One of the more distinctive teaching philosophies I maintain is a sound-before-sight approach. I believe that musical skills and concepts should be taught in a manner that mirrors the natural acquisition of spoken language. For example, the vast majority of us learn to speak and understand spoken language well before we are able to grasp the subtleties of written communication. Therefore, I have found it most effective, particularly for beginners, to grasp aural concepts before they are attached to visual symbols.
Music programs all over the country often have so many performances that class time is not spent teaching musical concepts, but instead plowing through countless scores, hoping to get students performance-ready as quickly and painlessly as possible. In these situations, there is a constant need to demonstrate immediate competency in classrooms, fueled by our desire for instant success. As a result, our society has created an educational system that lauds short-term gains over long-term growth. Therefore, I believe that my methodical approach will help stem the tide of mediocre musical performances and help once again to reinforce the concepts of a solid, enduring education.
The most important reason I believe that we must be willing to "slow down" in our classrooms can be attributed to a bit of sage wisdom imparted to me by my father, a farmer and business owner in rural Iowa. In his words, if youre going to do something, do it right the first time. Students do not get a second chance at their elementary and secondary educations. We have one opportunity to make a difference that can last their entire lives. In essence, we must give them the tools to explore their musical world and the ability to engage musically in their adult lives, not just an opportunity for musical play. In this way, through individualized education and innovative teaching practices, my classroom has become known for quality rather than quantity.
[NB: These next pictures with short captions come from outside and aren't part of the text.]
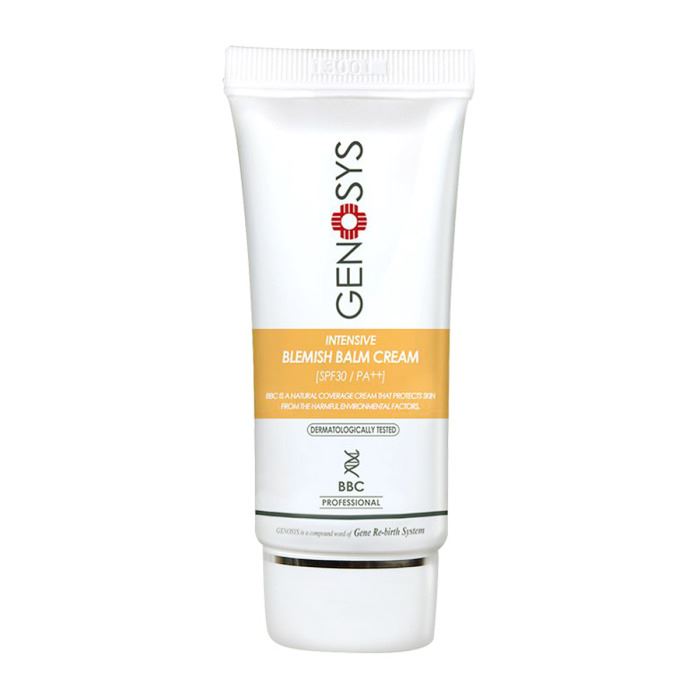 Genosys Intensive Blemish Balm Cream SPF30 Сонцезахисний матуючий інтенсивний BB-крем для обличчя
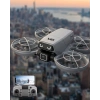 Hubrendy Tekno APP Kontrollü Kameralı Mini Drone Headless Mod Özellikli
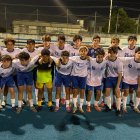 El elenco 3N2 FC con jugadores de 12 a 15 años estuvo en Guayaquil.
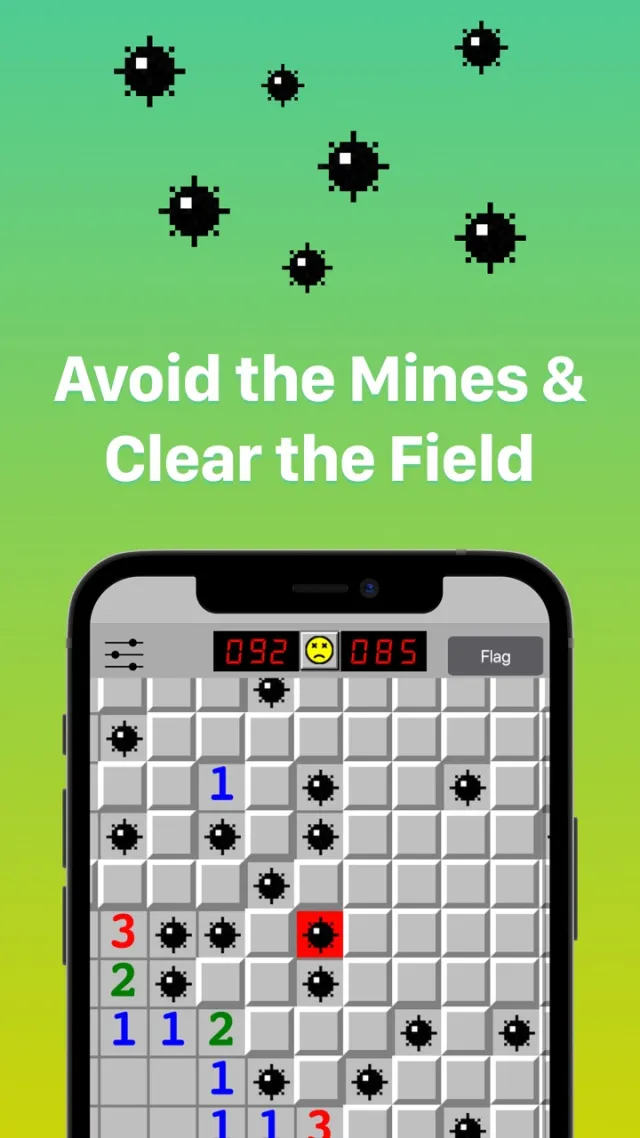 Minesweeper Classic 2 | Permainan | XWorld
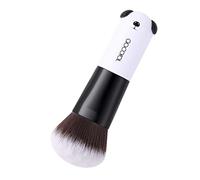 Makeup Brushes Set with Cartoon Design - Includes Blush, Powder, Foundation & Face Brushes for Cheeks & Liquid Makeup - Soft Bristles for Beginners & Daily Use - Dog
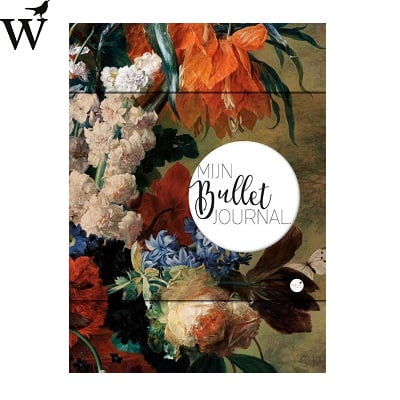 Mijn Bullet journal - Jan van Huysum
My students learn quickly that I am making every effort to generate a great deal of energy in my classes. I want my students to know by sheer force of personality and exuberance how much I respect and admire my profession, the musical art, and each and every one of my students. Additionally I am a huge proponent of the teachable moment. I believe that big ticket lessons are possible to teach with just a few words. I pride myself on my ability to say a lot without saying much. The more simply and universally I can present information and lessons, the more memorable and impactful they will be.
In summary, my goal as a music educator is to provide students with energetic instruction, enriching musical experiences, and to encourage the appreciation, consumption and production of music now and well into their adulthood.